The novel is primarily concerned with family—the way in which family members relate, the accommodations that they make to the demands of the family situation, and the insights that they acquire. The Krupniks are an example of one of the happier and more functional and loving families in children’s and young adult literature. Even so, the adjustments that Anastasia must make in order to understand and flourish in her family are carefully and splendidly delineated by Lowry.
Anastasia is angry and unhappy at the discovery that she is no longer to be an only child, but she realizes the selfishness and egocentric nature of her attitude even as she experiences it. She is saddened and somewhat repelled by her senile grandmother, but she also realizes the sadness that both she and her parents feel at the clear deterioration of her grandmother’s mental faculties.

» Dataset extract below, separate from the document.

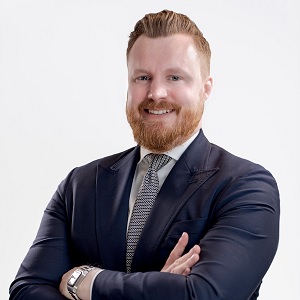 Dr. Nicolas Bremer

Lowry’s skill in character depiction is evident, and both the adults and the younger characters ring very true. Anastasia seems a credible, if very bright, ten-year-old girl. Her father and mother also seem to be believable, realistic parents of a ten-year-old girl. The writer resists the temptation to make any of the characters flat. Anastasia has definite negative impressions of her teacher, the man at the drugstore, and other people. She is forced to revise those opinions, however, upon further encounters. That people are more complex than any initial encounter might indicate is one of the themes of the novel.

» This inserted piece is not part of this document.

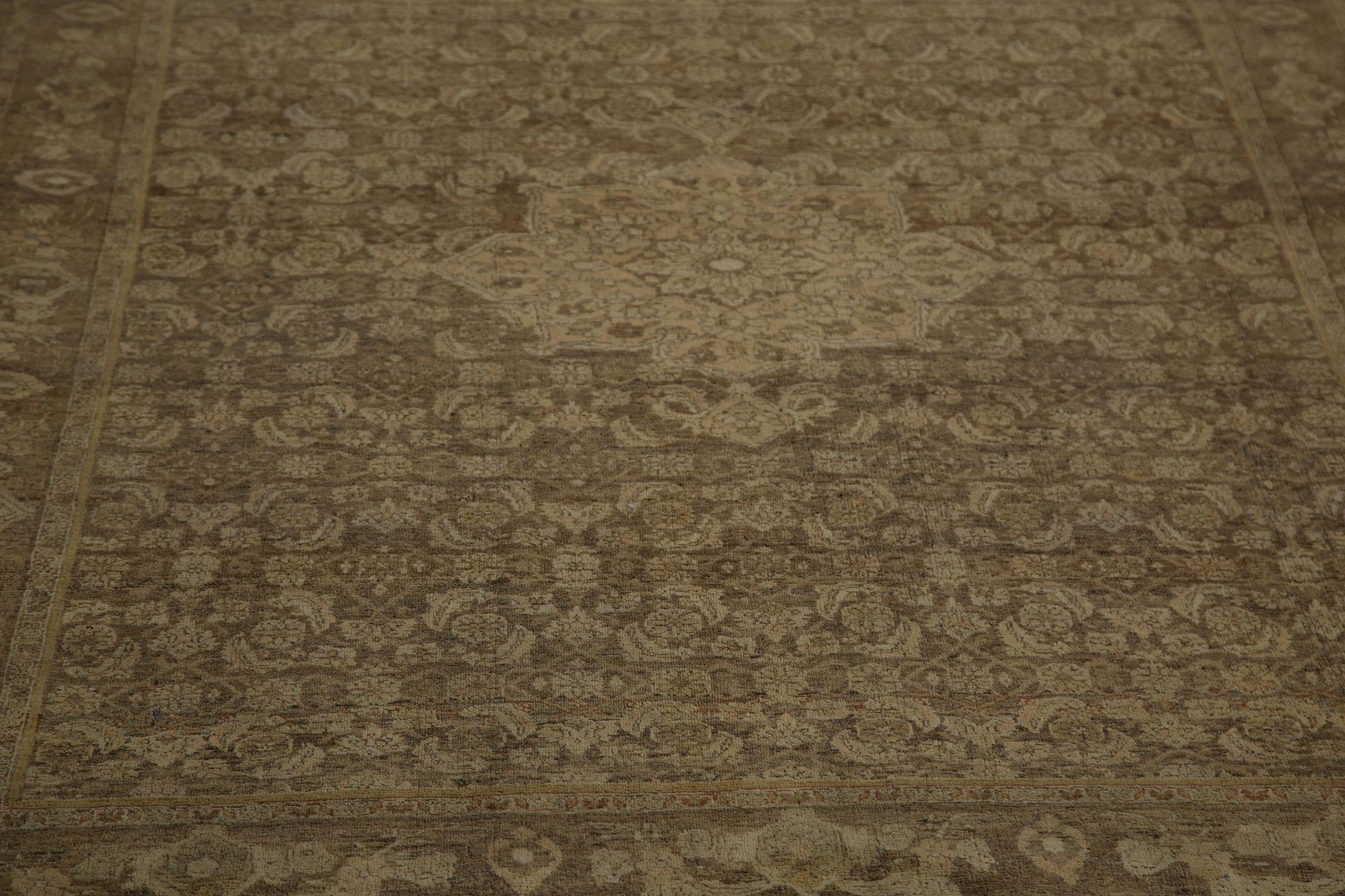 Entdecken Sie die Eleganz des persischen Bijar mit dem kleinen Teppich von ca. 1880. Dieses exklusive Design aus Wolle und Braun ist perfekt, um Ihren Raum zu verschönern.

Another theme is that Anastasia herself (and, by extension, the reader) is capable of change and growth in the light of developing events. She comes to understand her grandmother, to love her baby brother, and to see that her teacher and others are really not the people she has believed them to be. Indeed, one of the insights Anastasia acquires is the knowledge that teachers can make mistakes, that Anastasia herself is more than the mark she receives on a paper. Students are often conditioned by their school systems to accept their teachers’ evaluations of them, believing that grades are equated with their self-worth. Lowry creates a rebuttal to that commonly held belief.
The sweetness and humor in the novel do not detract from its serious underlying themes, which is probably one of the reasons for the book’s continuing popularity. Anastasia, her parents, and the supporting characters in the novel seem to be genuine, believable, and likable. The bibliotherapeutic uses of this novel are clear, and as an example of the functional family at work, the book may be difficult to surpass.